JULIA NAGY | The Natchez Democrat — The Rev. David O’Connor preaches during Christmas morning mass at St. Mary Basilica.

Locals observe Christmas Mass

Published 12:04am Wednesday, December 26, 2012

By JULIA NAGY

NATCHEZ — As the pitter-patter of rain fell against St. Mary Basilica’s ornate stained glass windows, the Rev. David O’Connor preached to his congregation on Christmas morning.

“It’s a good time to think about the blessings in our life,” he said during the service.

JULIA NAGY | The Natchez Democrat — David Troutman sings a hymn during Christmas mass at St. Mary Basilica.

St.
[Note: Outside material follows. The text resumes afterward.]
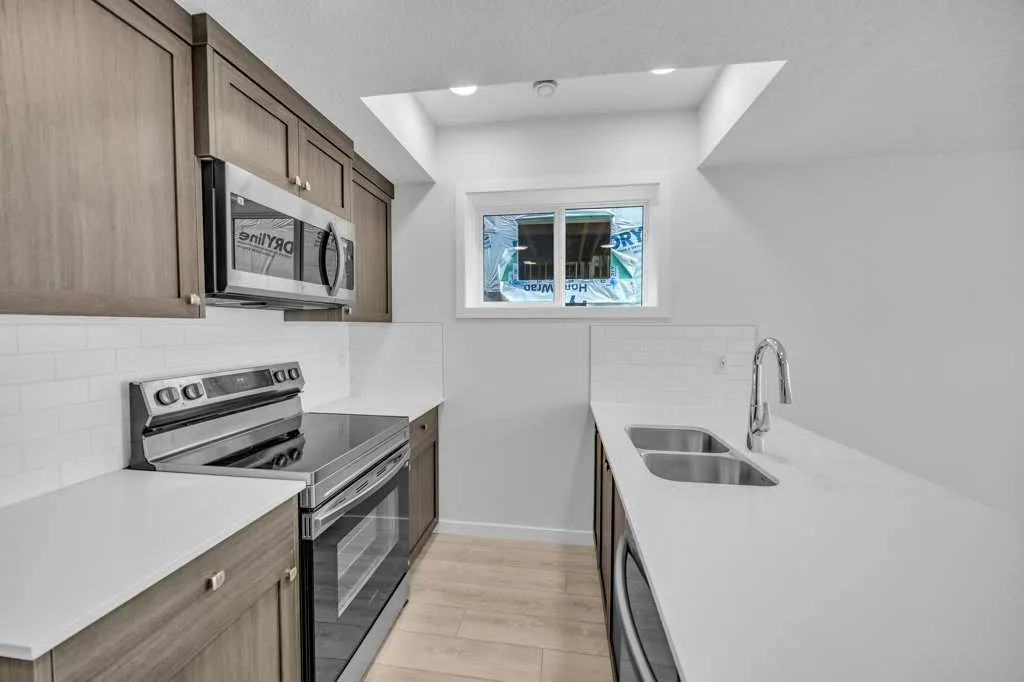 454 & 458 Carringvue Grove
Mary Basilica hosted mass Christmas morning, attracting individuals from other Christian denominations.

David Troutman, who was raised in the Church of England, attended the service even though his background is Presbyterian.
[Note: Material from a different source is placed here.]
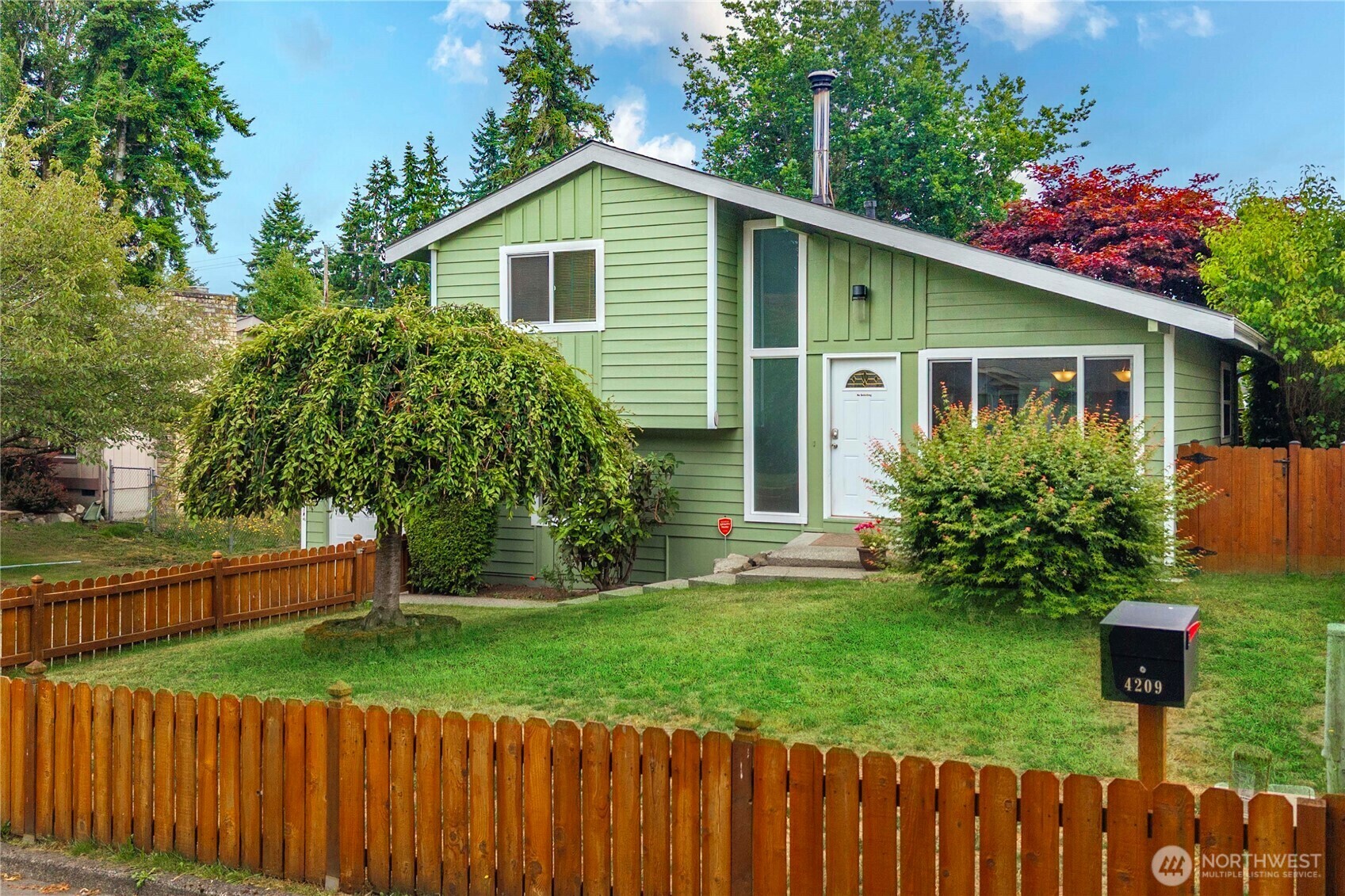 Property Photo: 4209 S 297th Place WA 98001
“You can still worship God, even if it isn’t in your tradition,” Troutman said. “I want to celebrate and worship on Christmas Day.”

Troutman along with approximately 50 members of the community attended the mass.
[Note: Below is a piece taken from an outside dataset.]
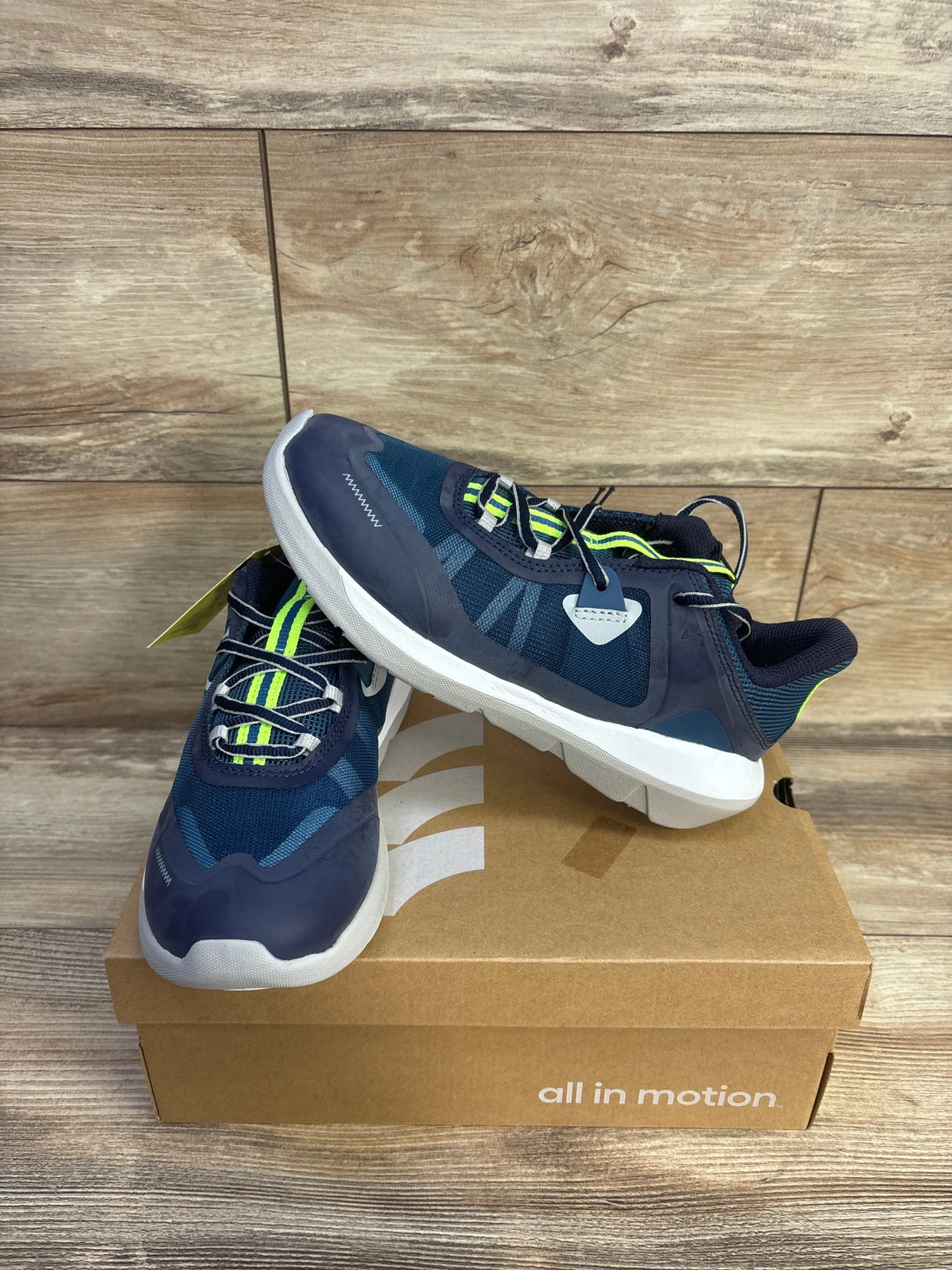NEW All In Motion Avery Sneakers Blue sz 4Y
O’Connor stressed the importance of the real meaning of Christmas.

“Jesus gave us an example of what it means to be a good human being,” O’Connor said. “You and I want to do what is right. We are challenged to cherish our gift of human life.”

JULIA NAGY | The Natchez Democrat — Betty Lou Hicks prays during Christmas morning mass at St. Mary Basilica.

Rain or shine, the Smith family was going to go to Christmas mass. They’ve done it every year.

“That’s just what we do as a family,” Mattie Smith said. “It’s very important.”

O’Connor also stressed the importance of family and remembering the good deeds human beings can do.

O’Connor talked about the duality of man, having a good and bad side.

The congregation sang various hymns, celebrating the birth of a savior.

For Key Smith, the service had meaning.

“This is the reason Christianity is here,” Smith said. “Without Jesus, this day, Christianity wouldn’t exist.”

O’Connor stressed holding onto the good side of humanity.

“We need to reaffirm our own humanness and the goodness in our minds,” O’Connor said. “Trying to be a good human being is part of our obligation.”